=== Your task ===
Would you print, word for word, only the lines running from the line with "88 Park Lawn" to the last line of the entries, without the pictures?

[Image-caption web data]
==================================================

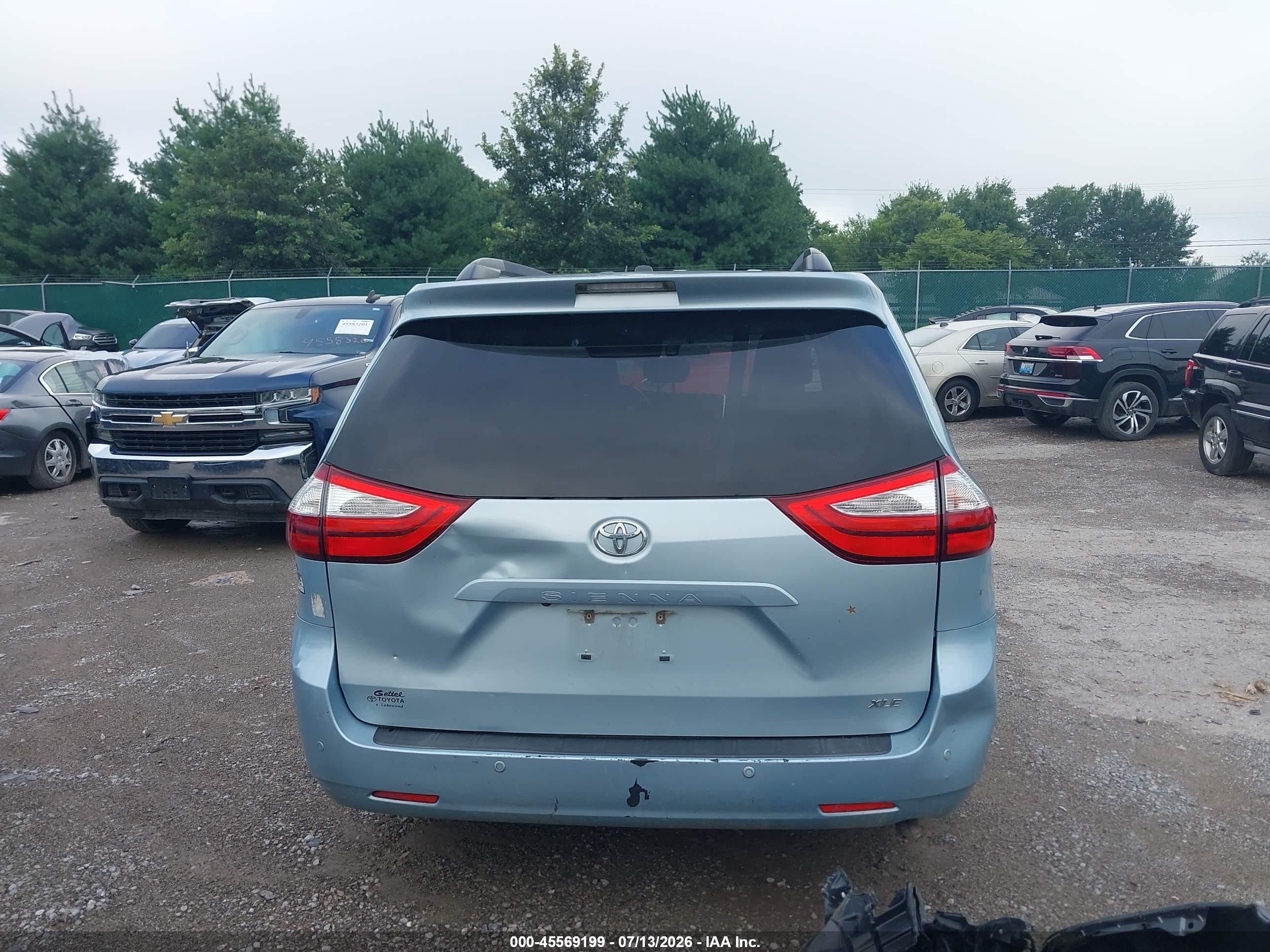 2015 Toyota Sienna Xle 8 Passenger Blue vin: 5TDYK3DC7FS644474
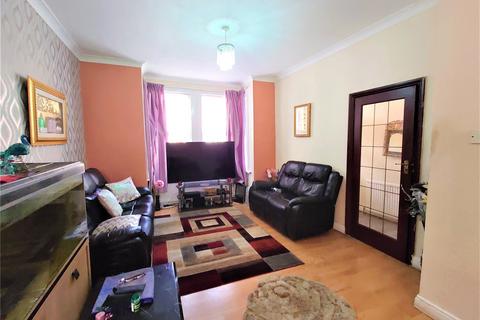 3 bedroom terraced house for sale - Tudor Road, Southall, Greater London, UB1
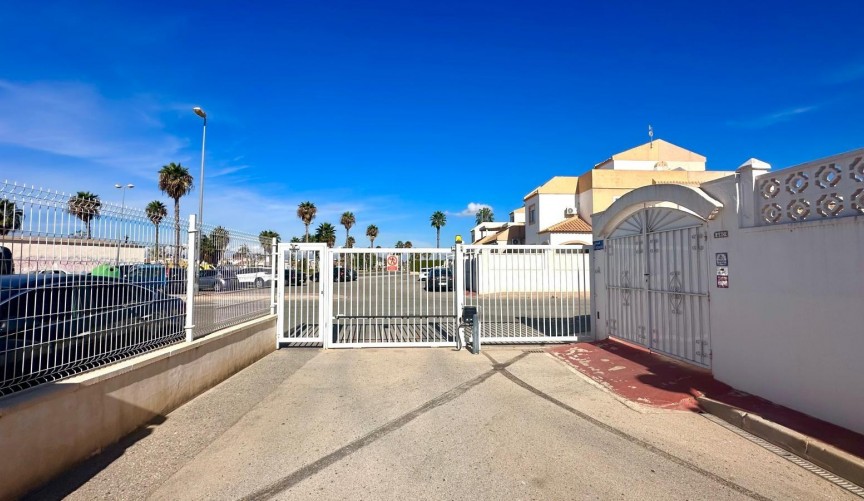 Reventa - Bungalow -
Torrevieja - Torretas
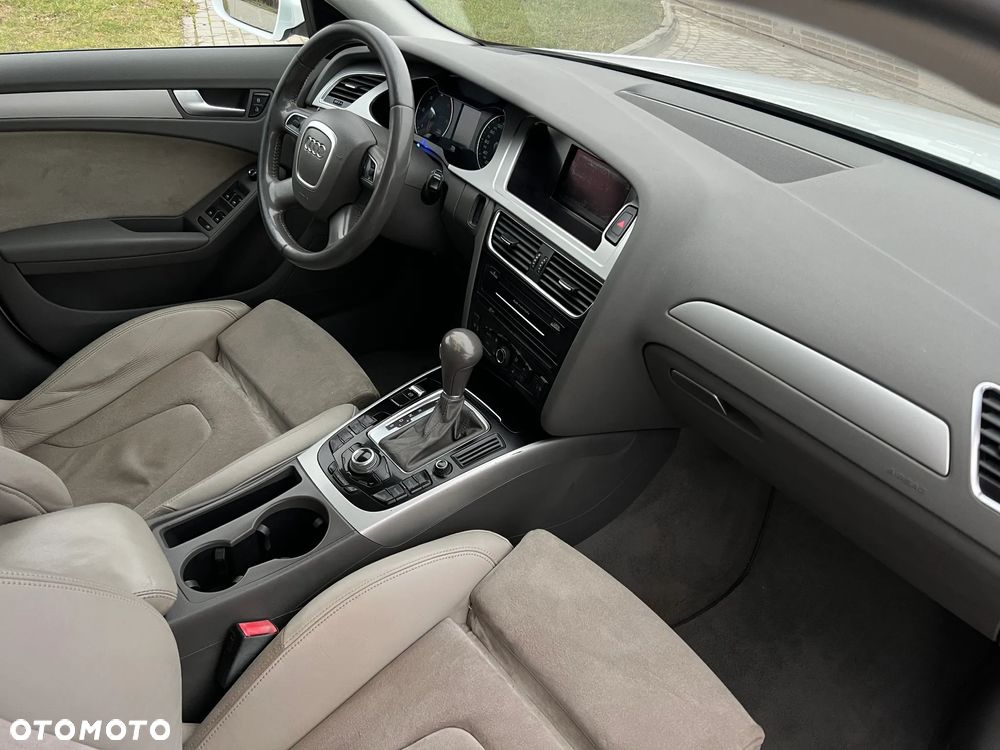 Audi A4 Avant 2.0 TDI DPF multitronic Ambition - 16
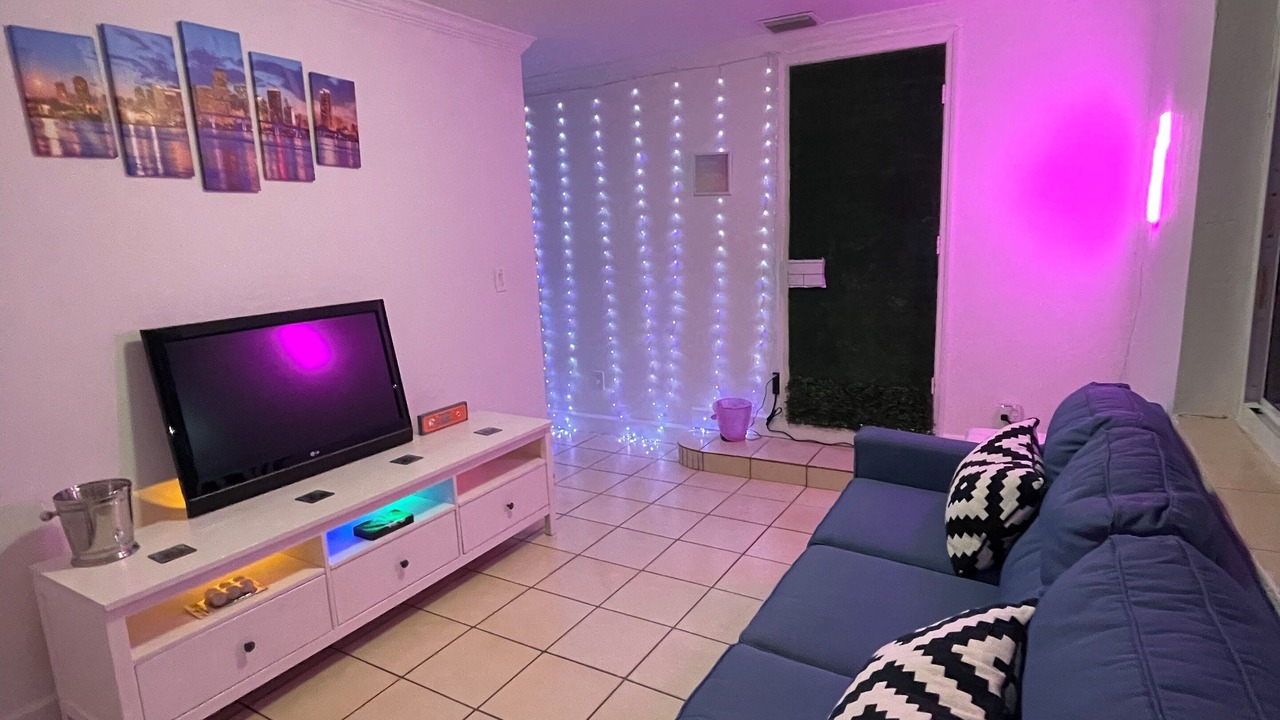 Photo of Livingroom in West Little River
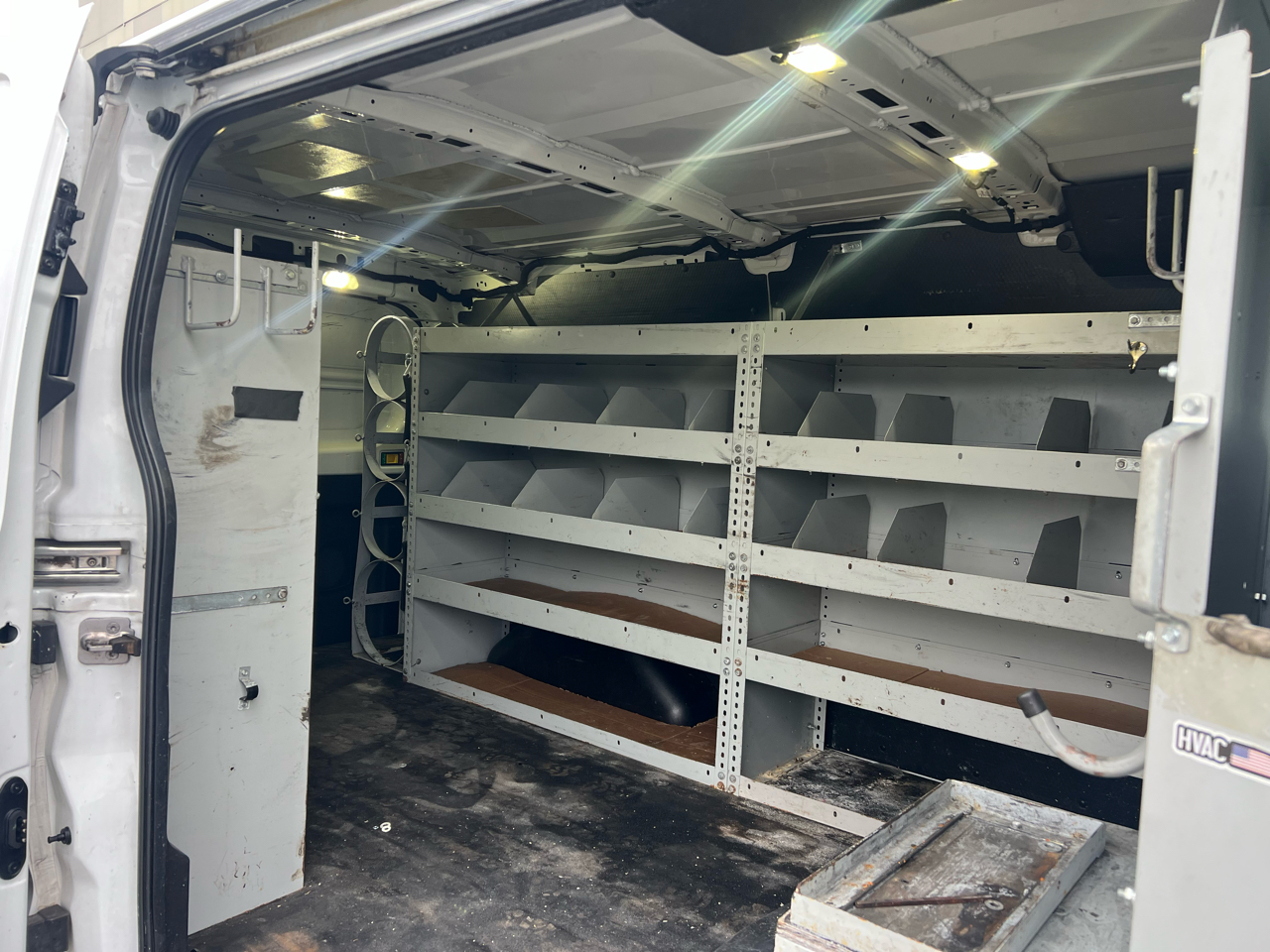 Ford Transit 250 Van Low Roof w/Sliding Pass. 130-in. WB 2017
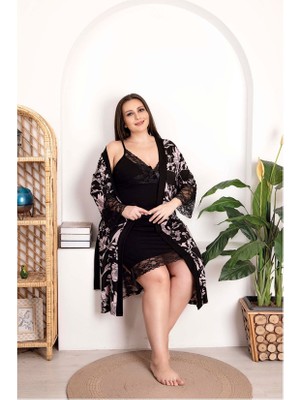 Colezium Arias Closet Büyük Beden Çiçek Desenli Dantel Işlemeli Siyah 2'li Gecelik Sabahlık Takımı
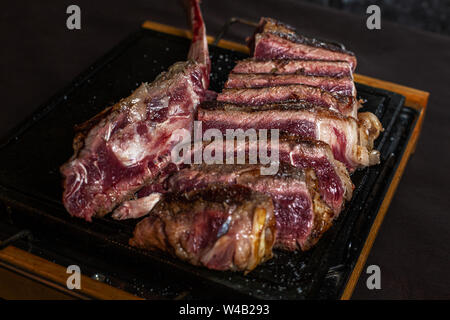 Frische Bistecca alla Fiorentina auf dunklem Hintergrund Stockfoto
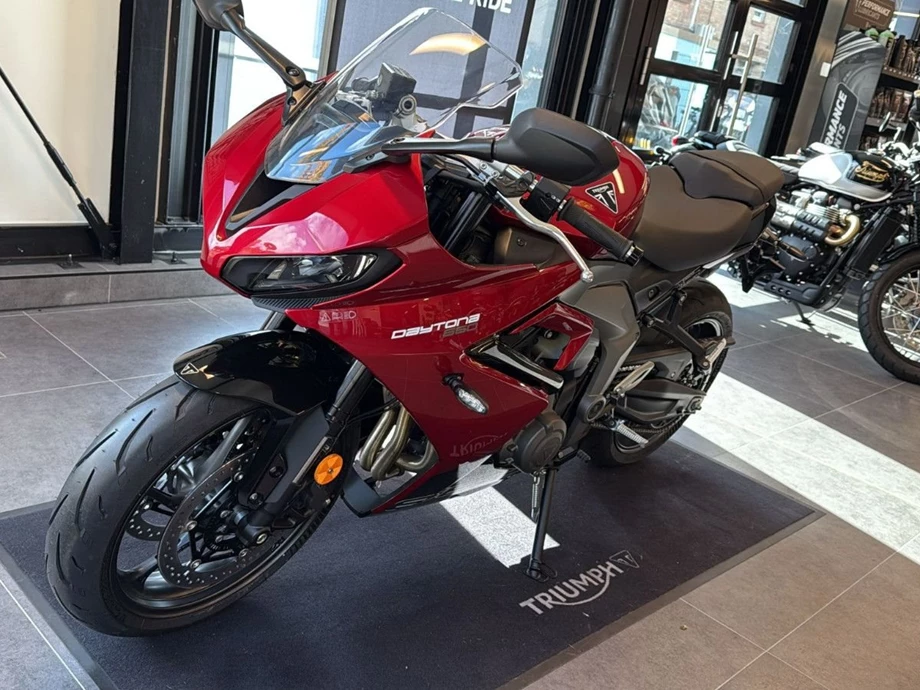 Angebot Triumph Daytona 660 Bild 6: Angebot Triumph Daytona 660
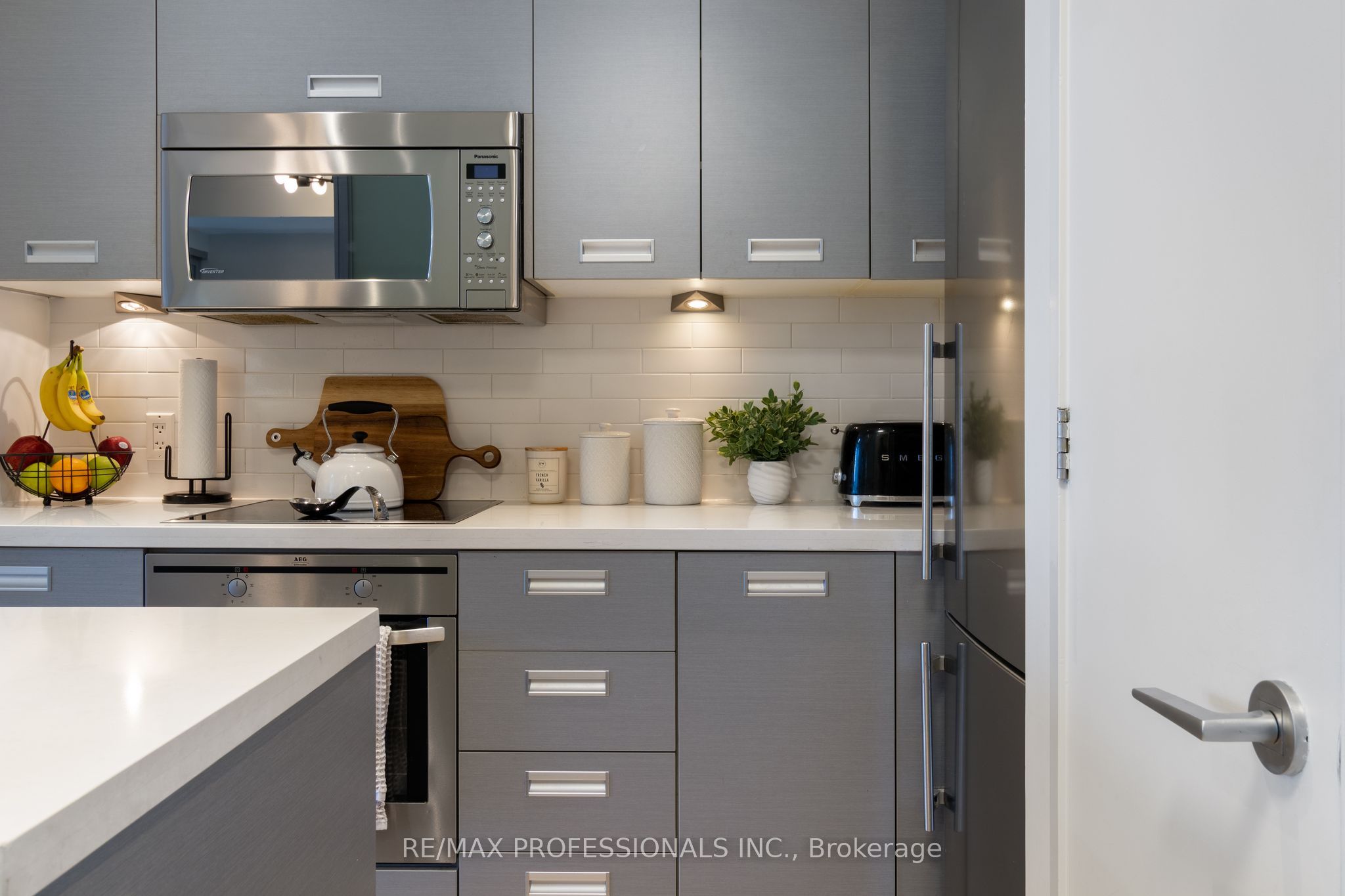 88 Park Lawn Road 1502, Toronto, ON M8Y 0B5 photo 4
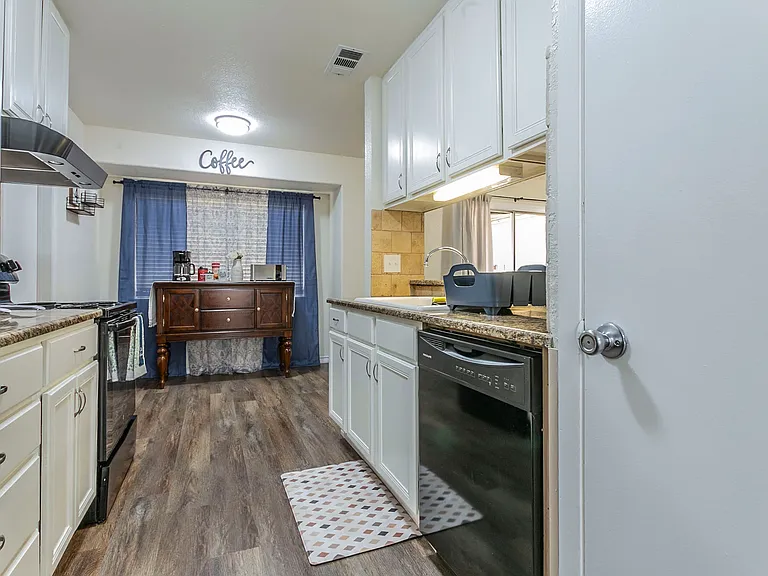 4103 Willow Green Dr — Photo 9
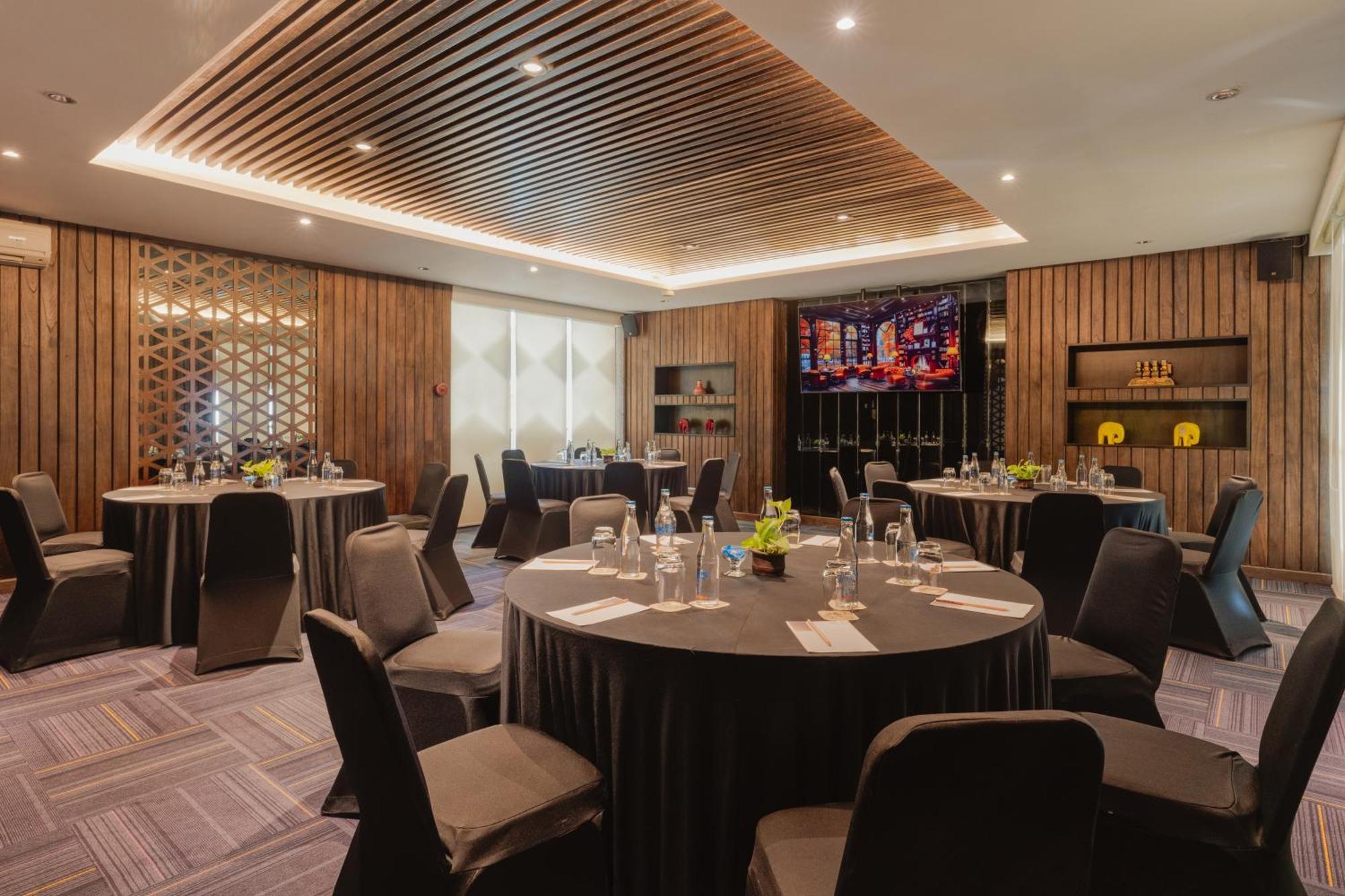 The Vira Bali Boutique Hotel&suite 4* Kuta Lombok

==================================================

=== Task result ===
 88 Park Lawn Road 1502, Toronto, ON M8Y 0B5 photo 4
 4103 Willow Green Dr — Photo 9
 The Vira Bali Boutique Hotel&suite 4* Kuta Lombok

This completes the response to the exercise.